About 50 people were gathered just after noon Tuesday, right where folks often gather at South Station: near the big electronic board listing departures and arrivals. Only no one was looking at the board. All eyes – and plenty of cell phones – were pointed squarely below it. Why?

There are 4 long tables, set up in a square. 24 chessboards neatly laid out over white tablecloths. 24 players sidled up to the boards on the outside – each in the midst of a game. But what really catches your eye? They’re all playing the same guy.

“In general it’s pretty much routine. When I see the board I pretty much know what’s going on I have a lot of experience, a pretty high aptitude for the game,” saysLarry Christiansen, a three time US Chess Champion.

Christiansen is a certified Grandmaster who once beat Anatoly Karpov - the man who succeeded Bobby Fischer as World Champion. It’s Christiansen’s status and skill that brought out players like Robert Branca who’s been playing chess pretty seriously for 60 years.

“I can beat some people some times.
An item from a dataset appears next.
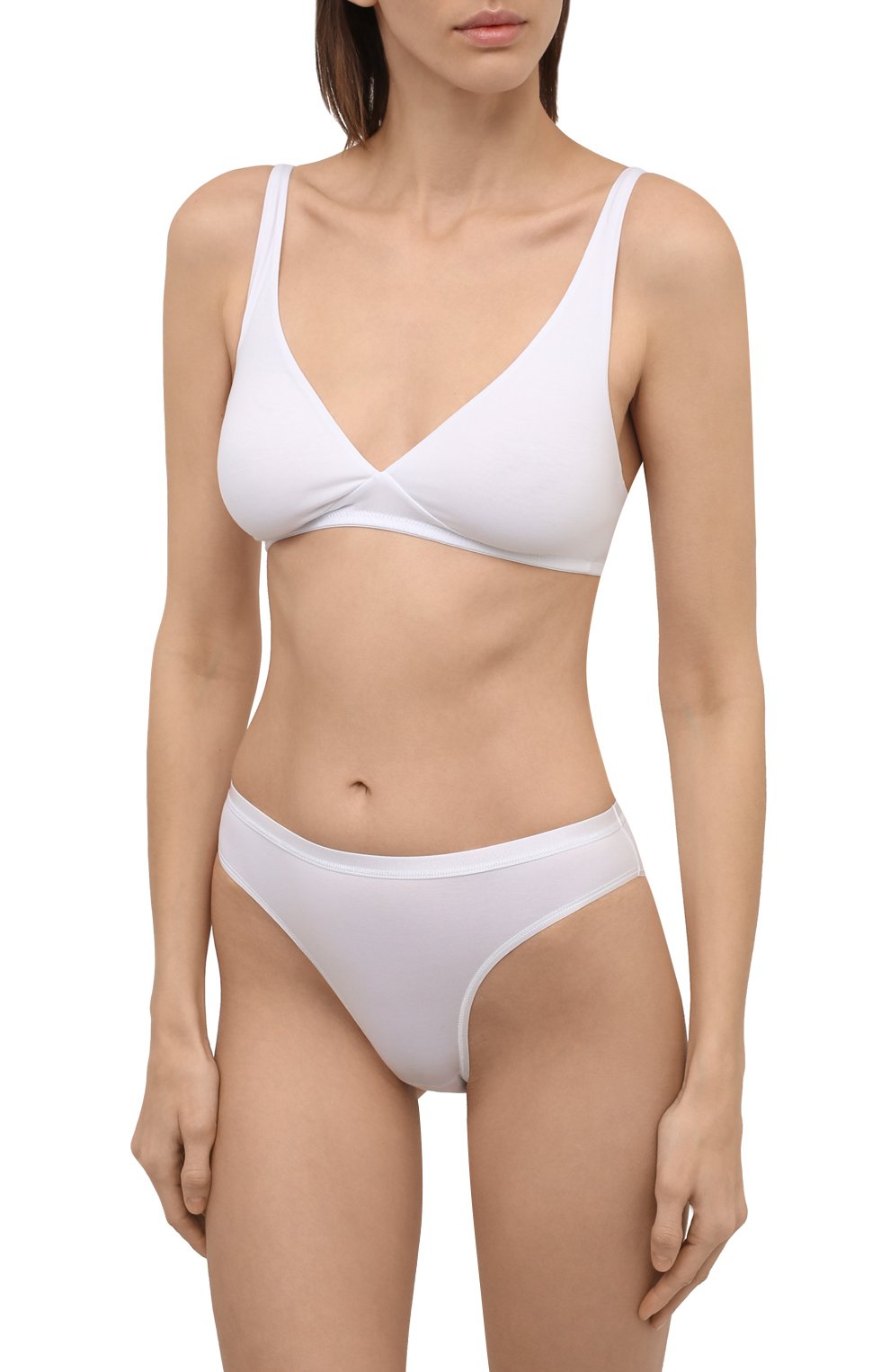 Треугольный бюстгальтер HANRO, арт. 071387, фото 2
I know enough to be dangerous and not enough to be good against a master. You don’t get a chance to play someone like him, unless you rise in a tournament,” says Branca.

But it wasn’t just the serious chess set here. There were relative newcomers, like Alan Sandler.

“It was just last summer that I purchased a chess set and played with a friend,” Sandler says. “And I like the intellectual challenge, cause at my age you can’t do too much physically anymore.”

Not all newbies were of the grey-haired persuasion. Take 7 year-old Michelle Chudnovsky. She says she just started. When asked if she thought she could beat him, she replies “No.”

Now, some did hold out hope that they had a path to victory.

One player who was not faring too well speculates that his “lack of strategy will throw [Christiansen] off a bit.”

But it turns out that is not how it works.

Christiansen says that playing against novices with no strategy is “a little too easy.” He adds that “If I were blindfolded that would be tough. If it’s like this it’s easy.”

To be fair, those with strategies, even complex ones, faired no better.

One player concedes with a laugh: “He just touched the rook to tell me I’m in check lest I think I could do something over here…”

Christiansen says that playing in this type of environment, where he spends about 2 seconds per board, per move, for two straight hours, he’ll maybe lose or draw 1 out of every 100 games or so. And even then, usually because of a mistake. And not all of Christiansen’s victims even came here to play.

James Sanguinetti says he didn’t even come here to play chess.

“I have a bus to catch here in 40 minutes,” he says. Eager to jump in, Sanguinetti recalls that he used to play a lot of chess when he was younger but says “I haven’t played since high school.”

And, that – said Christiansen – is the whole point.

“We wanna bring some people out of retirement, bring ‘em back into the game of chess, maybe kill a half an hour or an hour waiting for a train and popularize chess in the Boston area.”

So, did it work with Sanguinetti?

He was on game number 3 when I checked on him again— admitting that he skipped a bus to keep playing. “I missed my one o clock bus. I’m going for the two o’clock bus now,” he says.

So while Christiansen may have not lost a game, it looks like the real winner at South Station on Tuesday was the “Game of Kings.”

You can try your hand against Christiansen on Tuesday, July 16 between noon and 2pm. The free chess event is held monthly, usually the second Tuesday, at South Station.